For a 2x2 contingency table, such as $N=[n_{11},n_{12};n_{21},n_{22}]$, the normalized difference in proportions between the two categories, given in each column, can be written with pooled variance (Score statistic) as \[ T(X)=\frac{\hat{p}_2-\hat{p}_1}{\sqrt{\hat{p}(1-\hat{p})(\frac{1}{c_1}+\frac{1}{c_2})}}, \]

where $\hat{p}=(n_{11}+n_{21})/n$ , $\hat{p}_2=n_{12}/(n_{12}+n_{22})$, $\hat{p}_1=n_{11}/(n_{11}+n_{21})$, $c_1=n_{11}+n_{21}$ and $c_2=n_{12}+n_{22}$.

The probability of observing $N$ (the input contingency table) is

\[ P(N)=\frac{c_1!c_2!}{n_{11}!n_{12}!n_{21}!n_{22}!} p^{n_{11}+n_{12}}(1-p)^{n_{21}+n_{22}}, \]

where $p$ is the unknown nuisance parameter.

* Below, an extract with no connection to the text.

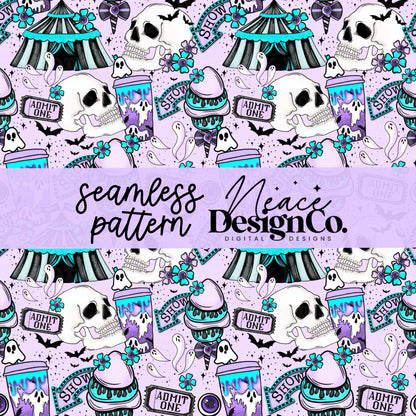 Spooky Carnival Seamless Patterns Digital PNG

Barnard's test considers all tables with category sizes $c_1$ and $c_2$ for a given $p$. The p-value is the sum of probabilities of the tables having a score in the rejection region, e.g. having significantly large difference in proportions for a two-sided test. The p-value of the test is the maximum p-value calculated over all $p$ between 0 and 1. The input resolution parameter controls the resolution to search for.